Syracuse researchers join forces to identify chemical composition of plastic artifacts
Credit: Syracuse University
Syracuse University Libraries’ Special Collection Research Center (SCRC) and the Department of Chemistry in the College of Arts and Sciences have collaborated on a first-of-its-kind project. Courtney Asztalos, the Libraries’ plastics pioneers curator of plastics and historical artifacts, partnered with chemistry professor Timothy Korter to investigate the chemical composition of objects from the Plastics Artifacts Collection, located on the sixth floor of Bird Library.
Korter, chemistry instructor Mary Boyden and chemistry Ph.D. candidate Elyse Kleist created the Syracuse Chemistry of Artifacts Project (SCOAP) to use Raman spectroscopy to analyze plastic items from the Plastics Artifacts Collection. Raman spectroscopy is a non-destructive technique using a laser beam to enhance knowledge of the chemical composition of plastics. This information is critical to the Plastics Artifacts Collection’s conservation, preservation and curation.

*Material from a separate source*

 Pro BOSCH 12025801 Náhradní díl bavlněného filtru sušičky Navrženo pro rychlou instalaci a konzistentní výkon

In addition to the benefit to the Libraries, the collaboration is also providing a research opportunity for the Department of Chemistry. With a solid foundation now in place through the creation of a comprehensive reference database of known plastics and formation of research protocols, the SCOAP team has set the stage for undergraduate students to engage in undergraduate research beginning in fall 2019.

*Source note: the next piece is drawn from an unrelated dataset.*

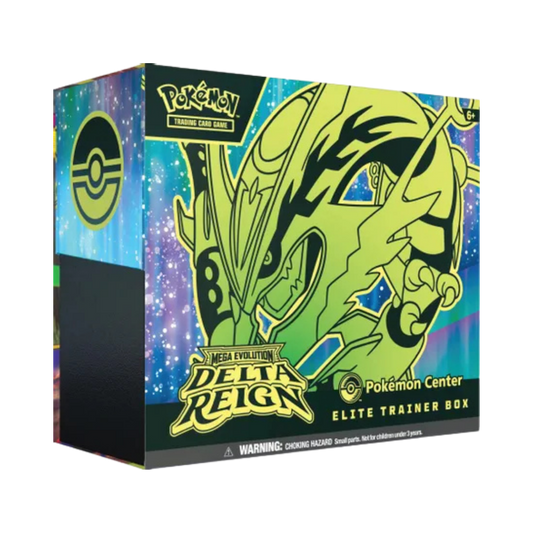 Delta Reign Pokemon Center Elite Trainer Box (Exclusive)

Students enrolled in Introduction to Chemical Research (CHE450) will work alongside Korter and Boyden on the project as part of their American Chemical Society certified degrees. They will use Raman spectroscopy to identify the chemical composition of items in the Plastics Collection and will also work with Libraries staff to understand the historical and cultural value of important plastics artifacts.
“From a chemistry perspective, this is an outstanding example of applying rigorous analytical chemistry techniques in a real-world scenario where the students can immediately see the positive impact of their investigative work,” Korter says.

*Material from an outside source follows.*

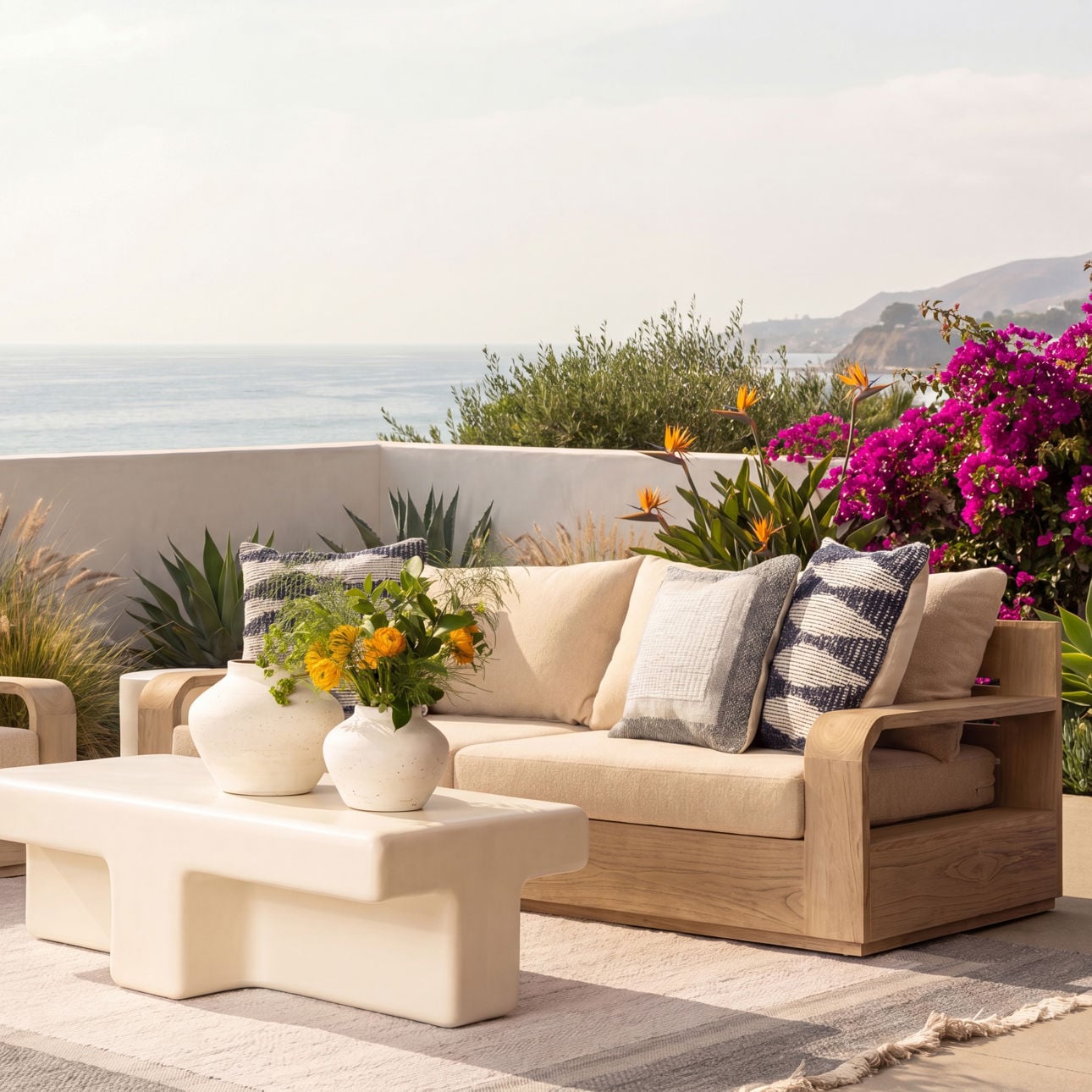 Luella Outdoor Sofa - StyleMeGHD - Outdoor Lounge Seating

“It is magnificent to see the plastics artifacts being utilized in new and exciting ways, especially in contributing to SCOAP’s chemical research,” says Asztalos.
“We are delighted to partner on this innovative research project, which combines skills and materials from the Special Collections Research Center with faculty and student expertise, and which adds to our knowledge of important items in our collections to benefit future research,” adds Dean of Libraries and University Librarian David Seaman. “This is exemplary of the kind of work an R1 research university is engaged in.”
The initiative was made possible through financial support from Invest Syracuse and the Department of Chemistry for the purchase of a portable Raman spectrometer, microscope, computer and supplies, as well as Syracuse University Libraries for project space and the purchase of modern polymer reference samples that were used to create a plastics reference library. Members of the Plastics Pioneers Association also donated reference samples to SCOAP’s plastics reference library.